When I was in High School, I had a teacher named Miss Mary Bartram. She taught English and Literature. One day she read a poem to us by Robert Frost, entitled “The Road Not Taken”. She read it with such commitment and passion that I believe she changed a lot of lives that day, including mine. When I thought of the Wise Men and their decision to go back a different way, I remembered Miss Bartram’s dramatic rendering.

I am now going to read it to you, and let me say, that in no way can I match her passion.

So here it is, Robert Frost’s, "The Road Not Taken."

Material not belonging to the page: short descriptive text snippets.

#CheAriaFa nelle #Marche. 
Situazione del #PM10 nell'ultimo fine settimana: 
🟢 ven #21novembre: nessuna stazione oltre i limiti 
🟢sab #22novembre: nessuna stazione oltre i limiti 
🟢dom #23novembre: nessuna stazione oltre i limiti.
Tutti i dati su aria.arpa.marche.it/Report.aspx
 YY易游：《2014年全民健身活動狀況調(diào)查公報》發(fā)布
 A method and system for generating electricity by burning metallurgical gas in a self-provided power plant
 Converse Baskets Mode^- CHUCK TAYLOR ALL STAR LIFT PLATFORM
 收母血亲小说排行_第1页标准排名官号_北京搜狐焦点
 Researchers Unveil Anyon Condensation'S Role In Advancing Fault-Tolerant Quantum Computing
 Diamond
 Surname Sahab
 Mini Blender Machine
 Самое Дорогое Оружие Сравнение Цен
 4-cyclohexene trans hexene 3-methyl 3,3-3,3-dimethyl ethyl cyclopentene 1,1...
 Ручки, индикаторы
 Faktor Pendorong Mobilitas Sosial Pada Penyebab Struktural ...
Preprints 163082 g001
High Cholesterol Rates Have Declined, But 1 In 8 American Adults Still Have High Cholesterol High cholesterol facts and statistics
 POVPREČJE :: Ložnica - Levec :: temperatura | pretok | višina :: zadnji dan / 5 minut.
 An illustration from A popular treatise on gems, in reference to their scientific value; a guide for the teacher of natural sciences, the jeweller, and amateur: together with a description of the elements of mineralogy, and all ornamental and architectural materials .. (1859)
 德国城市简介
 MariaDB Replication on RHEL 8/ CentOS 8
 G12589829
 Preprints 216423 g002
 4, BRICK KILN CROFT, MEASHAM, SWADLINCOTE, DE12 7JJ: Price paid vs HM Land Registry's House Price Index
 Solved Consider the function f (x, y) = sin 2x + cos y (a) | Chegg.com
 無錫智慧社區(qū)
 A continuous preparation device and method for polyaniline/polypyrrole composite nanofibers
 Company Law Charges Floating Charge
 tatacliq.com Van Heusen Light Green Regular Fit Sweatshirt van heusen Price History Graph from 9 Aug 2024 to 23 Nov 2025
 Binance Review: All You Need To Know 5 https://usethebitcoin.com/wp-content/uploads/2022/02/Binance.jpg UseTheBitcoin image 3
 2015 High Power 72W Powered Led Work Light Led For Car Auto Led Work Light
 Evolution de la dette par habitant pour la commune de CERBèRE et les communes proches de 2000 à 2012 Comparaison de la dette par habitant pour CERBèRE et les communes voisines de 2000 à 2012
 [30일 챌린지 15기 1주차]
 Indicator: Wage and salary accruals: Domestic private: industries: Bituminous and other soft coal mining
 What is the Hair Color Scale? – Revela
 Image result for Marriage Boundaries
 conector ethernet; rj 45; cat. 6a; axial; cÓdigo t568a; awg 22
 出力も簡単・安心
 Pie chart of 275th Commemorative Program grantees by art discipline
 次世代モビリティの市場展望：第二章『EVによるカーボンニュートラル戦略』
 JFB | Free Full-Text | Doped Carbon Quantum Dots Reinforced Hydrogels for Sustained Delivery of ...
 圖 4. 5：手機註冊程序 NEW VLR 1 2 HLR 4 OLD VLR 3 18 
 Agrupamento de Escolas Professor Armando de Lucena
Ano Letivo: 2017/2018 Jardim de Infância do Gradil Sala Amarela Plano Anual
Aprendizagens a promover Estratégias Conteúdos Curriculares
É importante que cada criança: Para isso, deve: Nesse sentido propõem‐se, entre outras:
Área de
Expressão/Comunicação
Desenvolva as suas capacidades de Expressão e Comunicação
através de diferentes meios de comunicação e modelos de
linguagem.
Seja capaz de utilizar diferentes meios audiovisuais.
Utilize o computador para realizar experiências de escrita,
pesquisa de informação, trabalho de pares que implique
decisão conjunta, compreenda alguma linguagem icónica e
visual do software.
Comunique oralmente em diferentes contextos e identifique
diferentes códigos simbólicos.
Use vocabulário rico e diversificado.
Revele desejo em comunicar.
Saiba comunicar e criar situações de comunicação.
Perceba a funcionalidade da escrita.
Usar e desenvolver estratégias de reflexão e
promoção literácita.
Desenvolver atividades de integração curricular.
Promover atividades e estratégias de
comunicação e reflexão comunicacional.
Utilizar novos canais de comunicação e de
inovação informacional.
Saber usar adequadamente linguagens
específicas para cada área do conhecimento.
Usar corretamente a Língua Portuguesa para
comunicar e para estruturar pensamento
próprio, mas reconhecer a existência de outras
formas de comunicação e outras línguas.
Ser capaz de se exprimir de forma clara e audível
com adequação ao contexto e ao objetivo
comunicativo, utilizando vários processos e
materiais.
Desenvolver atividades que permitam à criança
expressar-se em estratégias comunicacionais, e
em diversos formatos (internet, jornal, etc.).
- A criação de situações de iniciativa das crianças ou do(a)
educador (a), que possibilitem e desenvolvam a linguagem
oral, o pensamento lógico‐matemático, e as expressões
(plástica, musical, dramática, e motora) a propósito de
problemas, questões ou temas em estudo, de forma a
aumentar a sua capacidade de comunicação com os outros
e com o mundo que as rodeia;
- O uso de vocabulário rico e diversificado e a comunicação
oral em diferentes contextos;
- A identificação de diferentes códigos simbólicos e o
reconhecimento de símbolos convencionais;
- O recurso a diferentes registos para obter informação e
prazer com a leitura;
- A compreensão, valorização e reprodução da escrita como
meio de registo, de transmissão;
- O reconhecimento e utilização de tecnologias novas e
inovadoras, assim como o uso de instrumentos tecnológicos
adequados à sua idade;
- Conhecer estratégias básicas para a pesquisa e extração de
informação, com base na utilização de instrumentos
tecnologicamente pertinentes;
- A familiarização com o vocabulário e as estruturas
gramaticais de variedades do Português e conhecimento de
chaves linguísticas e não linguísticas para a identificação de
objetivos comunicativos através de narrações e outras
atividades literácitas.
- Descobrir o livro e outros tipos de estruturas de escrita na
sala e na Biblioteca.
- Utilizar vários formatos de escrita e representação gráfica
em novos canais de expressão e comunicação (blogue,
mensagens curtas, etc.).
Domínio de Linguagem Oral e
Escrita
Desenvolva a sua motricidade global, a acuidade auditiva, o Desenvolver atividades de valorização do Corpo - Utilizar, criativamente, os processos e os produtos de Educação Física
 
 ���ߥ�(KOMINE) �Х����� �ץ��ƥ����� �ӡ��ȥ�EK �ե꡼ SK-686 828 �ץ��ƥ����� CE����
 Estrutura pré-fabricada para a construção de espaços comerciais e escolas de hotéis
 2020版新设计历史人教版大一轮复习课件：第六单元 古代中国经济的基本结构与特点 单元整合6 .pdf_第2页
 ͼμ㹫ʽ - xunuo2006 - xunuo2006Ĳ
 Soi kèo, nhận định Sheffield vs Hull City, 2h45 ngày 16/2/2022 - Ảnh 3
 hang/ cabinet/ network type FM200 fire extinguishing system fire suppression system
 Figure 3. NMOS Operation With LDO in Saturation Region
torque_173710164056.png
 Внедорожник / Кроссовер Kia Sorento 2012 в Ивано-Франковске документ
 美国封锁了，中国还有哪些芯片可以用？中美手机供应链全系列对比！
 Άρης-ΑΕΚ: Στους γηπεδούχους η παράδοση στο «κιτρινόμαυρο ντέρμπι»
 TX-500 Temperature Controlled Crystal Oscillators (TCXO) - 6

Two roads diverged in a yellow wood,

And sorry I could not travel both

And be one traveler, long I stood

And looked down one as far as I could

To where it bent in the undergrowth;

Then took the other, as just as fair,

And having perhaps the better claim

Because it was grassy and wanted wear,

Though as for that the passing there

Had worn them really about the same,

And both that morning equally lay

In leaves no step had trodden black.

Oh, I marked the first for another day!

Yet knowing how way leads on to way

I doubted if I should ever come back.

I shall be telling this with a sigh

Somewhere ages and ages hence:

Two roads diverged in a wood, and I,

I took the one less traveled by,

And that has made all the difference.

When people find Jesus, they return to life along a different path. Jesus makes all things different. As wise men, choose your paths carefully - for one leads to life with a king, spiritual leader, and Savior, but the other leads to death, destruction and eternal sorrow. Yes, the road you take certainly does make all the difference - an eternal difference. Choose it wisely.

I started this sermon by stating that “Today is not Epiphany”. But I was wrong, every day is epiphany. Epiphany means “God Revealed”. Everyday God allows us to talk and visit with him, and our final Epiphany will be revealed at last when we will be in God’s presence, in heaven, for eternity. Amen.